Description
Filters the variants based on a regular expression defined over the activities.
MATCH_PROCESS_REGEX matches the variants of a process based on a regular expression. The regular expression defines a pattern over the activities of the variant. It returns an INT value which is 1 if the variant matches the pattern or 0 if it does not match.
Tips
- You can define an alias for an activity and use this alias as an abbreviation for the activity name inside the regular expression. This improves the readability of the pattern if you have long activity names.

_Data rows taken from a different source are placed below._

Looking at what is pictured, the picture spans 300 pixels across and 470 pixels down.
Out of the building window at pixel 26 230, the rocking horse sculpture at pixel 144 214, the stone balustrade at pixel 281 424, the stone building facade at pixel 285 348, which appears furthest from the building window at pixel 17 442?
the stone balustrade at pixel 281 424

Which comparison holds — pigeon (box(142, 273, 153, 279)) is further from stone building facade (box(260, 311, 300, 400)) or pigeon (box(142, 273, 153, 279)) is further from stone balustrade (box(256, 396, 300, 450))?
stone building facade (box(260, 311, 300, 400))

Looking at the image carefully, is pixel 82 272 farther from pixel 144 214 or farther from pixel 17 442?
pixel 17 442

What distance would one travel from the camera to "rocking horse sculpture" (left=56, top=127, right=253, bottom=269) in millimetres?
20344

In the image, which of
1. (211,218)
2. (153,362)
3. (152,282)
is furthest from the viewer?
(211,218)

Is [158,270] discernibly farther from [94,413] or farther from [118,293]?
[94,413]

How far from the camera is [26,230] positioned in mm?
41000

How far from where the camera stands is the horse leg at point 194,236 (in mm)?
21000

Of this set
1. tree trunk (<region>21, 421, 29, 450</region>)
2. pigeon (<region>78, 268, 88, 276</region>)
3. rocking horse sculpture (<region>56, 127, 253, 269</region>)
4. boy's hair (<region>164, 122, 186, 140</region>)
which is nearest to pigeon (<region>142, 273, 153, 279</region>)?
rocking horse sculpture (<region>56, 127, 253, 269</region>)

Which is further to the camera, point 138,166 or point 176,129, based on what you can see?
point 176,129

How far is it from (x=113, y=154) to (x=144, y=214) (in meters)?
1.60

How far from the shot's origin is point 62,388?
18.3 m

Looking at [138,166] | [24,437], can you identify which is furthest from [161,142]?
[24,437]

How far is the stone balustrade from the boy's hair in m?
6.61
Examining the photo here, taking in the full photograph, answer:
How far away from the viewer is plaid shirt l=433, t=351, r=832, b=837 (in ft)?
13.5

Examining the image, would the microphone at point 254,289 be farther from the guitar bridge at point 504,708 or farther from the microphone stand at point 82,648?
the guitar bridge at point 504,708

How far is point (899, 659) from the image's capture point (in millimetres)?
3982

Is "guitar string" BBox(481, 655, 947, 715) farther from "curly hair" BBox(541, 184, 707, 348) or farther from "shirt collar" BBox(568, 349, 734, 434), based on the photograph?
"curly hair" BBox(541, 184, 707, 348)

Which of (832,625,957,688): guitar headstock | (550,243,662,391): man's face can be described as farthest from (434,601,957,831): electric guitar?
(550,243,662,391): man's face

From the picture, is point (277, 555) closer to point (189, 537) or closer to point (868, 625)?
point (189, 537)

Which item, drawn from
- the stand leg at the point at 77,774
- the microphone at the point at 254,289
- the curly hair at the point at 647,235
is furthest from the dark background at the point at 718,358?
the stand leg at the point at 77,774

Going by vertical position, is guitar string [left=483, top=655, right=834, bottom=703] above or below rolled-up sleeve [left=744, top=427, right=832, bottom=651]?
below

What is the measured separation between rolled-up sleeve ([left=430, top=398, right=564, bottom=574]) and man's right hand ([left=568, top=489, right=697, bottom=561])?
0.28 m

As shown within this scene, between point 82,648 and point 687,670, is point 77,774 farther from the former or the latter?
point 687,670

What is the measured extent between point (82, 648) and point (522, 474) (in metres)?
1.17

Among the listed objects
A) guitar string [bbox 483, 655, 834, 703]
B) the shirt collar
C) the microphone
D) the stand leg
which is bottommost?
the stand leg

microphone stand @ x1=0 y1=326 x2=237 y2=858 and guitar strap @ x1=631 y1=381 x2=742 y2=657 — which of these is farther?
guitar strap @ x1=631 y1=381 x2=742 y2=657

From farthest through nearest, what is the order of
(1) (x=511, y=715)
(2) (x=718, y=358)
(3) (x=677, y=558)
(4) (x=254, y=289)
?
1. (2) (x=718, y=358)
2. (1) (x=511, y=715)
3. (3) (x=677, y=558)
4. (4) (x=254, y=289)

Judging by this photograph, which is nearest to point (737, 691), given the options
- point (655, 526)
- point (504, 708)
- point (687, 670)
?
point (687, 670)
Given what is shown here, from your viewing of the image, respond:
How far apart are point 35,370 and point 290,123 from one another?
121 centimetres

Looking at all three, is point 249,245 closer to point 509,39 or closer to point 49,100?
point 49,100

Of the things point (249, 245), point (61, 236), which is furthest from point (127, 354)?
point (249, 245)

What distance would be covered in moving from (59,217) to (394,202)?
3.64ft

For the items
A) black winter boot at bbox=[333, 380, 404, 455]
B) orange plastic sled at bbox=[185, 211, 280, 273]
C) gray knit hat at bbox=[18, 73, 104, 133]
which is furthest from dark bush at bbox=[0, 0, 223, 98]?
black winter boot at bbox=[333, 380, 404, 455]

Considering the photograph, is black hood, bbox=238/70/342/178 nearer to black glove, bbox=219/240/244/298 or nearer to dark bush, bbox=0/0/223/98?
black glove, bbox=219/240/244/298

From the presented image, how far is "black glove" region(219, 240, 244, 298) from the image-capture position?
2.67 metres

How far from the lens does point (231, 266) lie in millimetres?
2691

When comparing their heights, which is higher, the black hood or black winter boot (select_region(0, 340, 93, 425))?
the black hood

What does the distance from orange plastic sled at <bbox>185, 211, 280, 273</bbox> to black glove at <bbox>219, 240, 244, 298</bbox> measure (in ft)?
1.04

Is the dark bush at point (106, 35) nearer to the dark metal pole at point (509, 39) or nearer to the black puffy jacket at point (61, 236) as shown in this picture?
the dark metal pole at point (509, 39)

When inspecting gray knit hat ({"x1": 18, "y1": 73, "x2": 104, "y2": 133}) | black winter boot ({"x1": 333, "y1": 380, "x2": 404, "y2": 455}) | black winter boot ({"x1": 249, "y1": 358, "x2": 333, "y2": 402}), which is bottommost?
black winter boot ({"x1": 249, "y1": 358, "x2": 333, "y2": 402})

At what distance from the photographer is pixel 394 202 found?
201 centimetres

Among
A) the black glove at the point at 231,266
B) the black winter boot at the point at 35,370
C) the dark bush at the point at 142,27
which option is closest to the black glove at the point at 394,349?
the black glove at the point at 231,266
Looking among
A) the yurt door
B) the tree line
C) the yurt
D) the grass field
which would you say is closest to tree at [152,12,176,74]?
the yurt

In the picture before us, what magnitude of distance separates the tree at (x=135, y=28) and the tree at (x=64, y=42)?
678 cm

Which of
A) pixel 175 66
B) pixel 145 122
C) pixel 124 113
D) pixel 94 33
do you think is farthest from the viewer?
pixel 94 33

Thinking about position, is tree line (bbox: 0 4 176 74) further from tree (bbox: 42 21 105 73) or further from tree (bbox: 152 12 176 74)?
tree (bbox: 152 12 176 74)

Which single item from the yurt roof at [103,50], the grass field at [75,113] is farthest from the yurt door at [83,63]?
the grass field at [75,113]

- You can also define an alias for a subexpression. This enables you to give a logical name to a certain subexpression and use this subexpression at different places inside the regular expression. This allows you to structure your regular expressions and improve its understandability
- MATCH_PROCESS_REGEX is very useful if you want to filter on variants by a very specific and/or complex pattern, e.g. containing sequences or loops. If you want to filter for the occurrence of a single activity or very simple patterns, it is far more efficient to use normal conditional expressions instead of regular expressions.
Syntax
MATCH_PROCESS_REGEX ( activity_table.activity_column, regular_expression )
Patterns
This is an overview over all patterns that can be used within the regular expression. Full example queries as well as more detailed descriptions can be found below.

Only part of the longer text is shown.